The timing is perfect. Ignatieff needed a few months to raise money and work out his strategy, and the summer is too slow a news cycle, but now that fall is here the Liberals are starting to move their pieces into place. No longer supporting the government, Ignatieff can now move into a more prominent position, taking control and proposing policies. The Liberals are essentially in campaign mode now. (At least that's the way it looks to me, and since I sometimes get quoted by Conservatives as if I'm a party insider, let me reiterate that I ain't.)
I predict that the longer the NDP props up the government, the stronger we'll get. The chances are very good that Ignatieff will form the next government.
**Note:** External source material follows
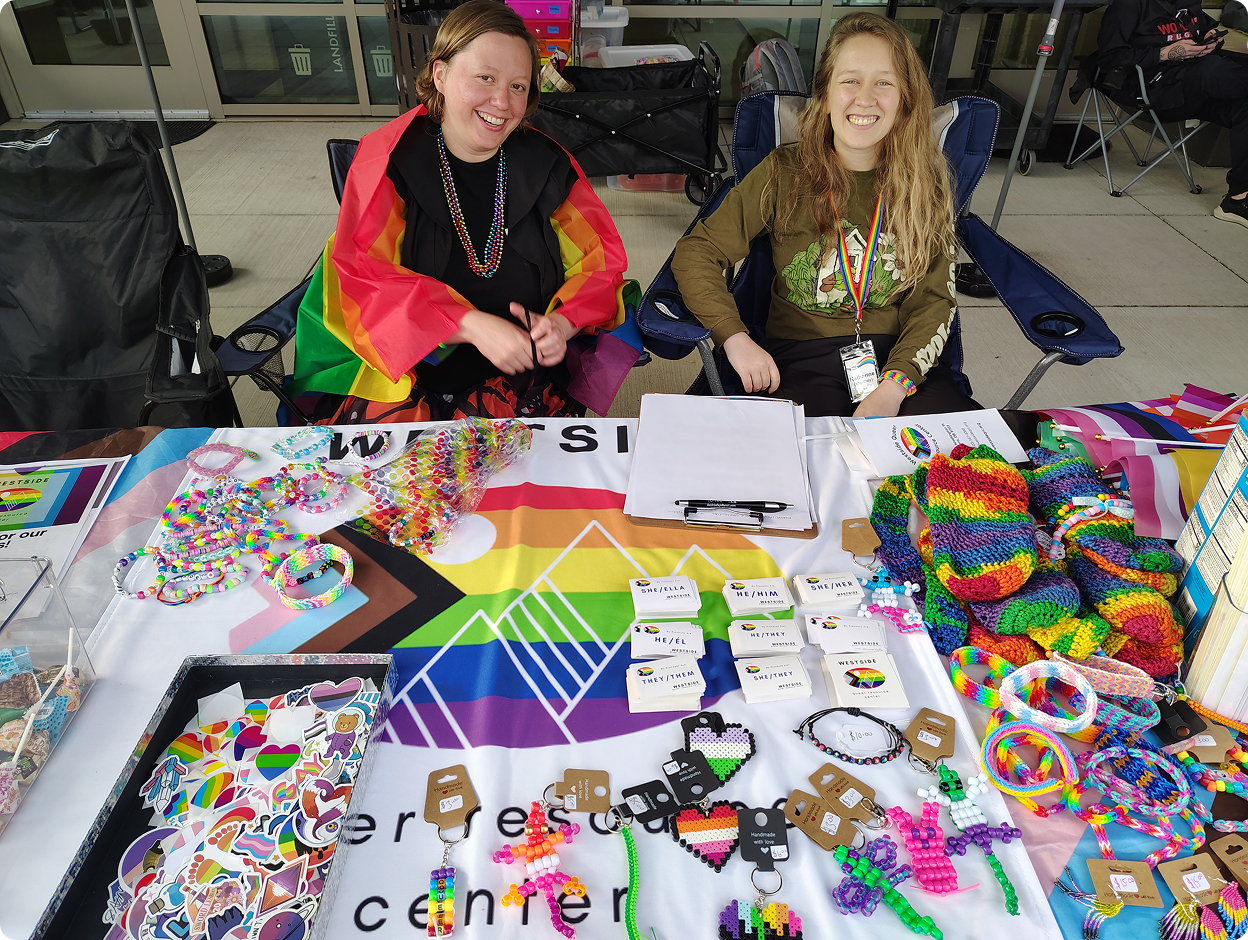 Two smiling volunteers are sitting at a table filled with things to engage the community with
If you missed the profile of Ignatieff in the September 7 issue of the New Yorker, you might want to go to a library and give it a read. It reveals a man who will be a very different leader from the lowest-common-denominator operator that we have now. Harper was a backroom boy, a crafty wheeler-dealer who follows a blunt and simplistic ideology. Ignatieff is a political commentator who has spent his life grappling with issues like how to balance the rights of the individual and the rights of the community, and he is ready to step up and redirect our nation in a way that hasn't happened since Trudeau. But Ignatieff will take us beyond Trudeau's liberal individualism (viz, the Charter of Rights) to a more sophisticated and evolved state of collective rights that will reconcile individual rights with our reality as a multicultural mosaic and state based on two cultures (or three, if John Ralston Saul has his way). Canada needs Igantieff's leadership to move us beyond the morass we've been in with Quebec, first nations, and pressures from new immigrants. The next election will be historic, and Canada hangs in the balance.